:: Extracted information ::

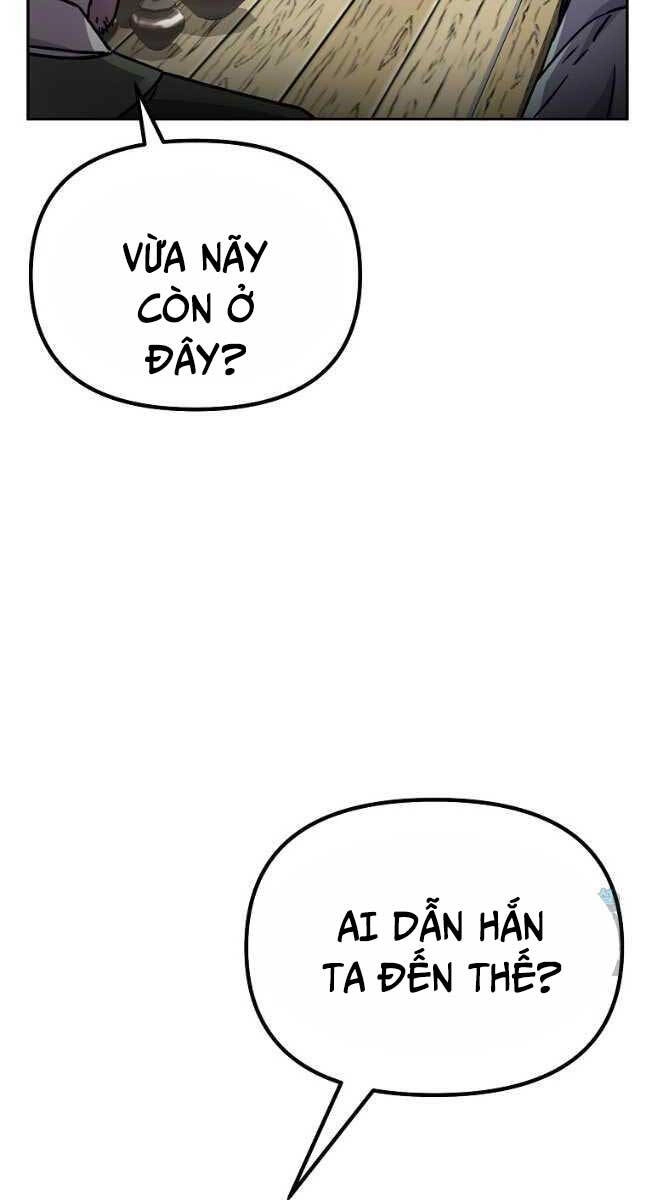 Sự Chuyển Sinh Vào Võ Lâm Thế Gia Của Ranker Chapter 90 - 76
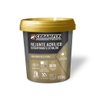 Rejunte Acrílico Corda Bicomponente Extraliso 1kg - Ceramfix - 1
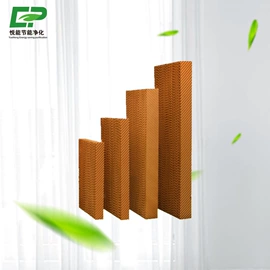 通风机;换热制冷空调;节电设备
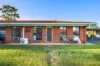 3/6-10 Hendy Road, Buronga, NSW 2739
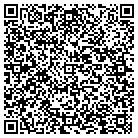 QR code with Up All Nite Design & Printing contacts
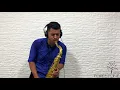 Download Lagu Best Part - Saxophone cover - Diogo Pinheiro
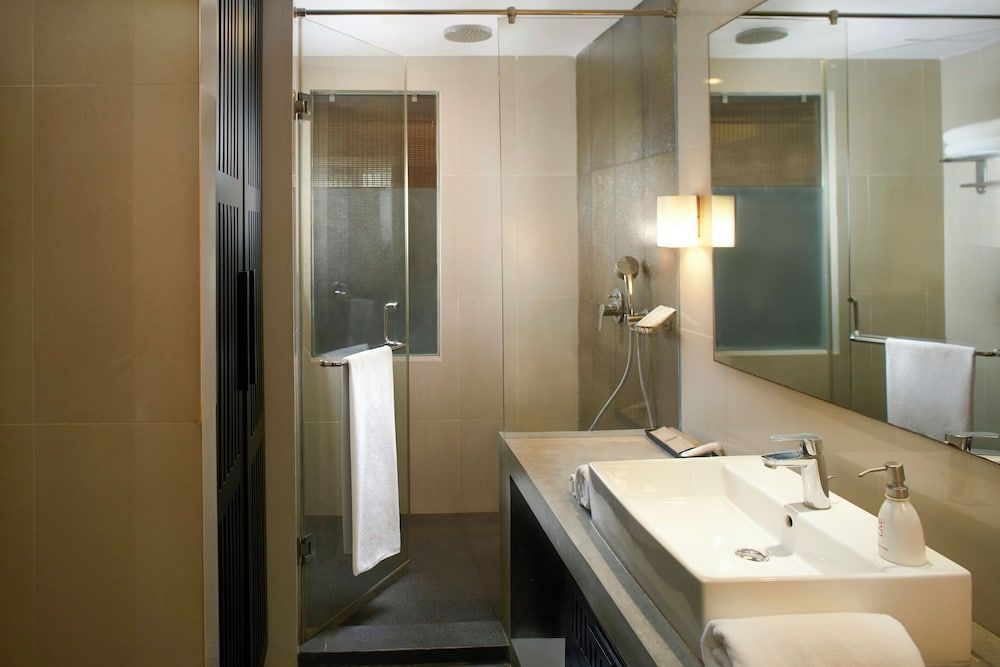 Thaala Bentota Superior Room 5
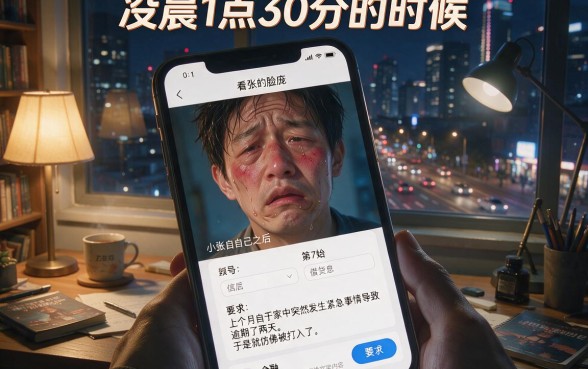 现在有什么秒下款的口子，理出五个网黑逾期下款app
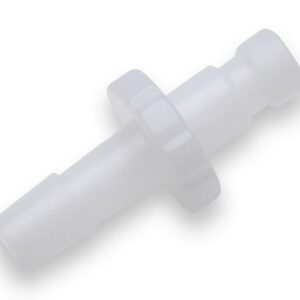 BP12-P NIBP Connector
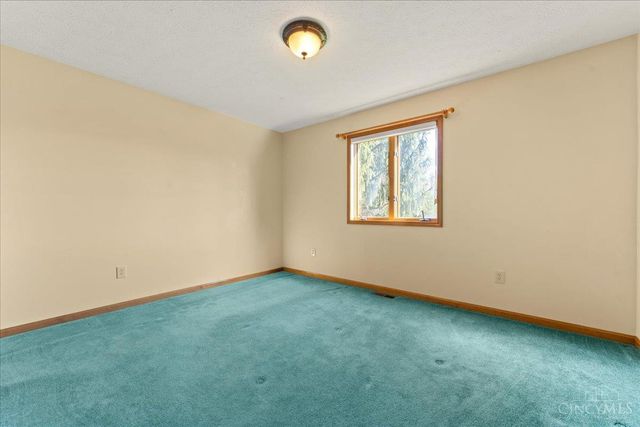4863 Teal Lane, Union Twp, OH 45150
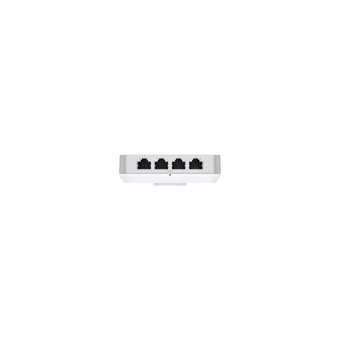 Unifi U6-IW Kablosuz Dual Band İç Mekan Tavan Tipi Access Point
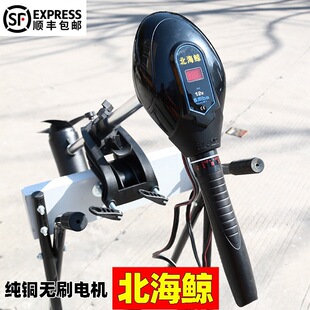 �����L늄Ӵ������M��12v48���oˢ��Ƥͧ����{�������R�_����C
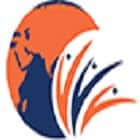 Royal School of Architecture, Guwahati logo
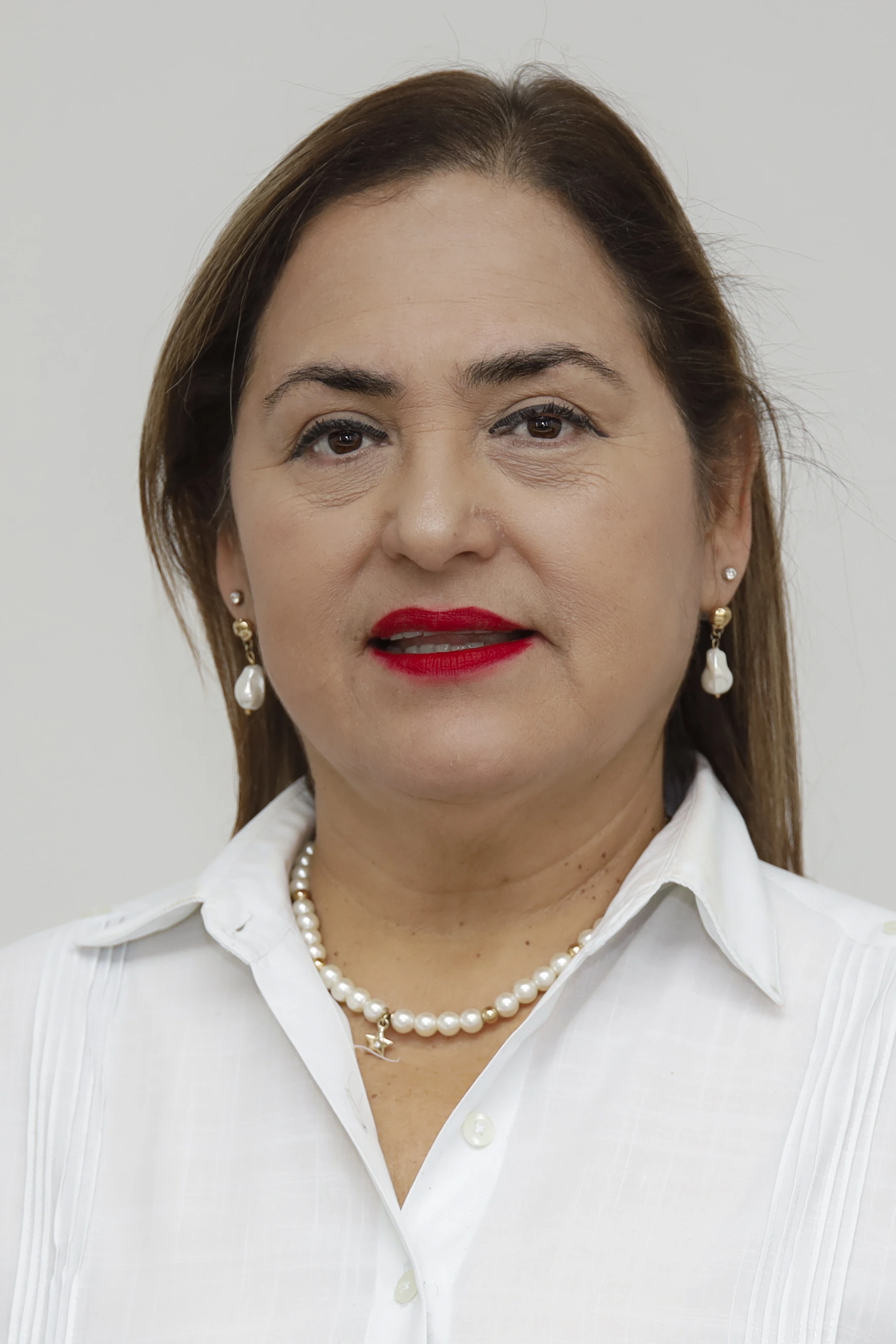 Trabajador 5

:::

Work required: Write every record out again exactly, omitting the pictures they hold.

Finished exercise:
 Sự Chuyển Sinh Vào Võ Lâm Thế Gia Của Ranker Chapter 90 - 76
 Rejunte Acrílico Corda Bicomponente Extraliso 1kg - Ceramfix - 1
 通风机;换热制冷空调;节电设备
 3/6-10 Hendy Road, Buronga, NSW 2739
 QR code with Up All Nite Design & Printing contacts
 Download Lagu Best Part - Saxophone cover - Diogo Pinheiro
 Thaala Bentota Superior Room 5
 现在有什么秒下款的口子，理出五个网黑逾期下款app
 BP12-P NIBP Connector
4863 Teal Lane, Union Twp, OH 45150
 Unifi U6-IW Kablosuz Dual Band İç Mekan Tavan Tipi Access Point
 �����L늄Ӵ������M��12v48���oˢ��Ƥͧ����{�������R�_����C
 Royal School of Architecture, Guwahati logo
 Trabajador 5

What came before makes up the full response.